Repeat exactly the lines of the material below that run from the "Auto Body Shop" line to the "Used 2022 Toyota" line, including both, and do not carry over any pictures.
*** Records for processing Section Begins ***
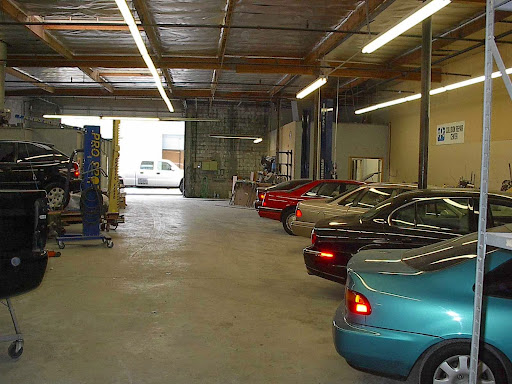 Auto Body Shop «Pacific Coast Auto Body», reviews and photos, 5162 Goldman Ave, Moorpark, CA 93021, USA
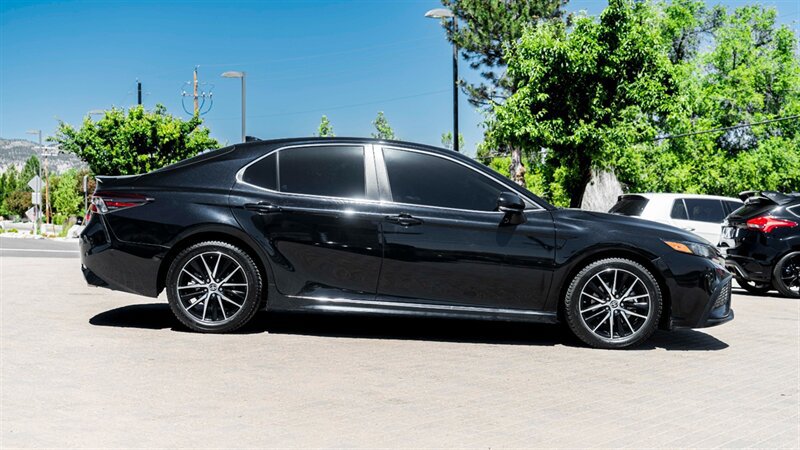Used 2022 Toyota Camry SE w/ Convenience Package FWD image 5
*** Records for processing Section Ends ***
*** Records for processing Section Begins ***
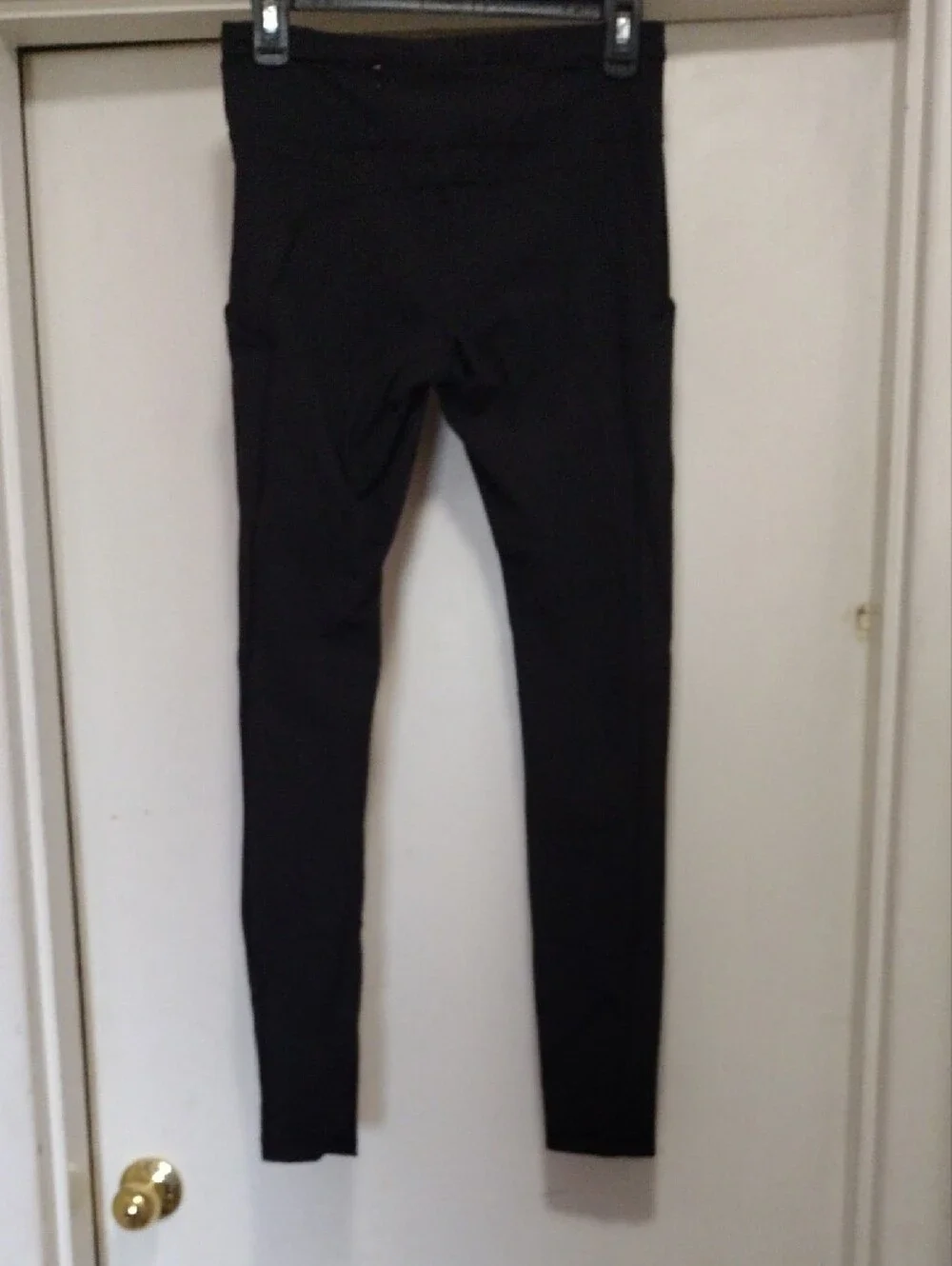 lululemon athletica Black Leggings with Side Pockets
*** Records for processing Section Ends ***
**Output below**
 Auto Body Shop «Pacific Coast Auto Body», reviews and photos, 5162 Goldman Ave, Moorpark, CA 93021, USA
Used 2022 Toyota Camry SE w/ Convenience Package FWD image 5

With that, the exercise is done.